**Supplied records:**
※ ※ ※
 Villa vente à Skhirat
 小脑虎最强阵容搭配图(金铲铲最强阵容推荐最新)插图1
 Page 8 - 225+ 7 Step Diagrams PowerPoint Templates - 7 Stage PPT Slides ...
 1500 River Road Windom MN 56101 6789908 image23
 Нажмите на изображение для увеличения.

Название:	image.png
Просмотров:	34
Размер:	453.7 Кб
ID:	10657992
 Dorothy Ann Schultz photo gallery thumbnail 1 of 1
※ ※ ※
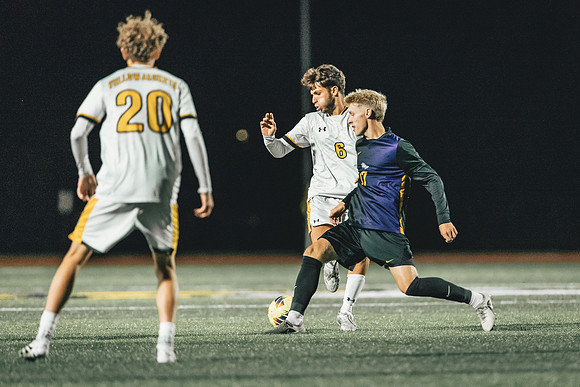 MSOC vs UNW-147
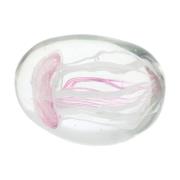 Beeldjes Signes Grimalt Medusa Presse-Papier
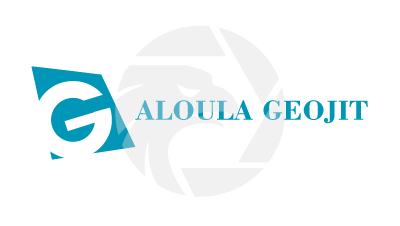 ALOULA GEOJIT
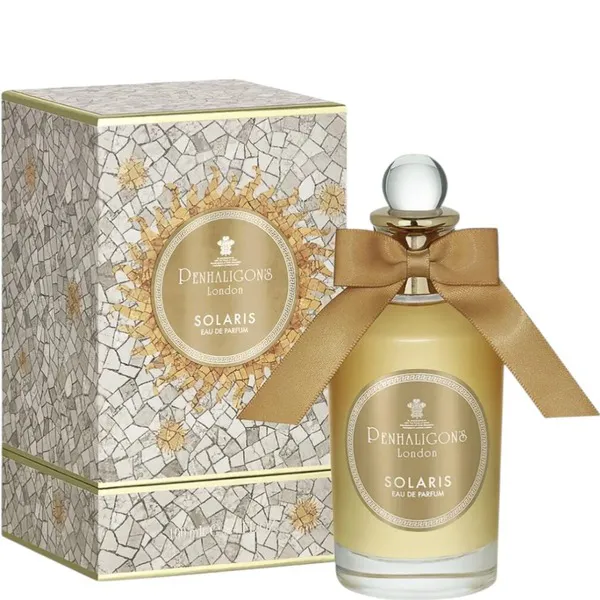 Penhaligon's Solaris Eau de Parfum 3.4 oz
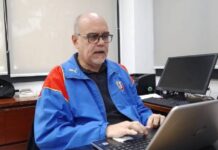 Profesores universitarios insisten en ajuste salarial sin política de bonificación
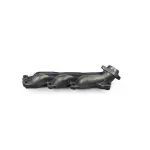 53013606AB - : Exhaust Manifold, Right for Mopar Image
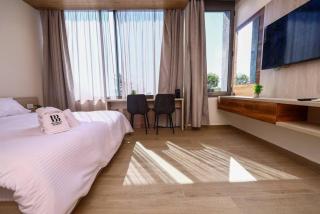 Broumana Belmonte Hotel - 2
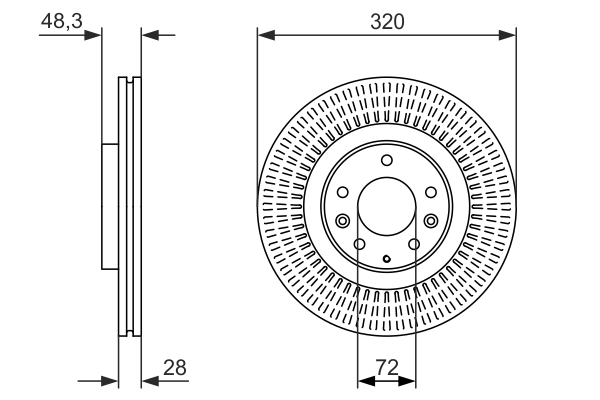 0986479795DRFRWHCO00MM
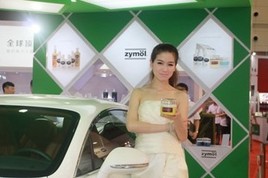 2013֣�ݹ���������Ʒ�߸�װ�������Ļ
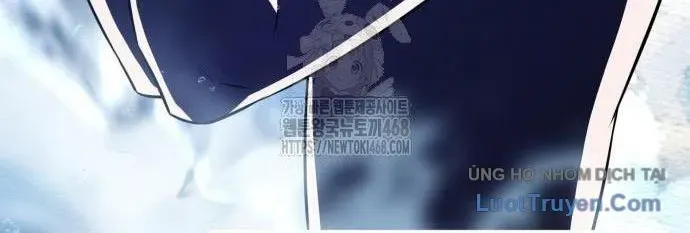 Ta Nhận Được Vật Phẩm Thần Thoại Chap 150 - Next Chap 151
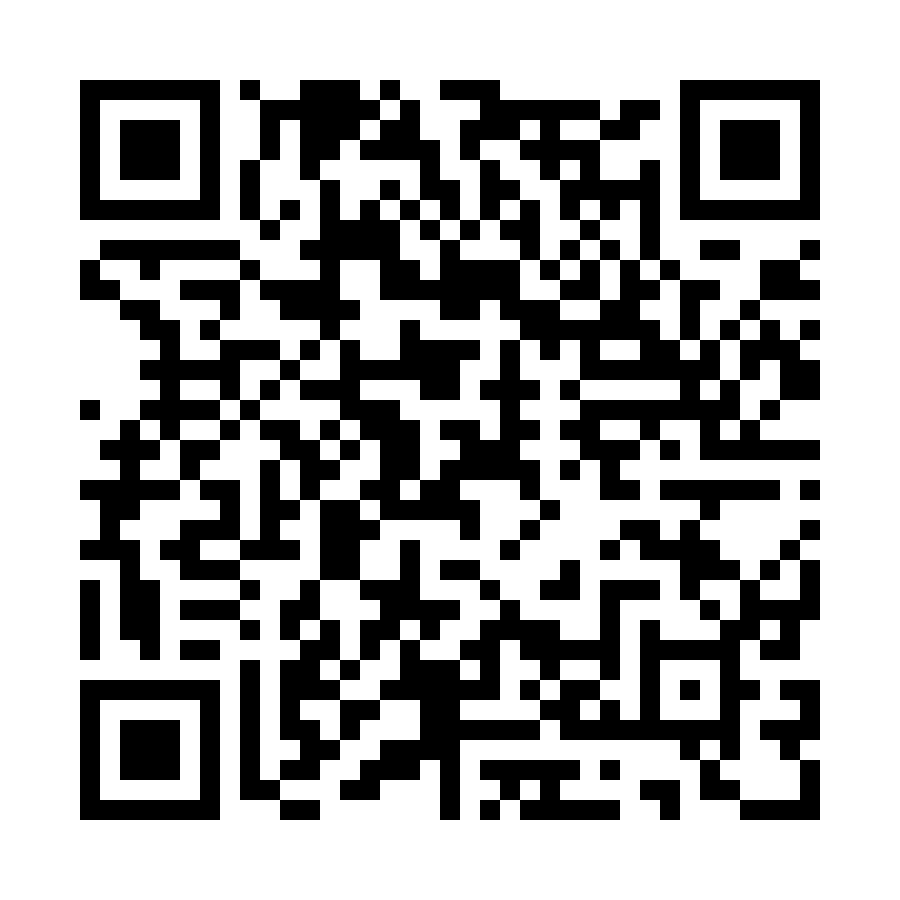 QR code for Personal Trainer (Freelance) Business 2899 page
※ ※ ※
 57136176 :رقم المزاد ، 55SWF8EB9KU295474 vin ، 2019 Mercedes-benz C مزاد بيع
※ ※ ※
**What the task requires:** Transcribe the records above exactly, beginning at the line that contains "1500 River Road" and ending with the line that contains "Dorothy Ann Schultz", both included, and nothing else.

**Answer below:**
 1500 River Road Windom MN 56101 6789908 image23
 Нажмите на изображение для увеличения.

Название:	image.png
Просмотров:	34
Размер:	453.7 Кб
ID:	10657992
 Dorothy Ann Schultz photo gallery thumbnail 1 of 1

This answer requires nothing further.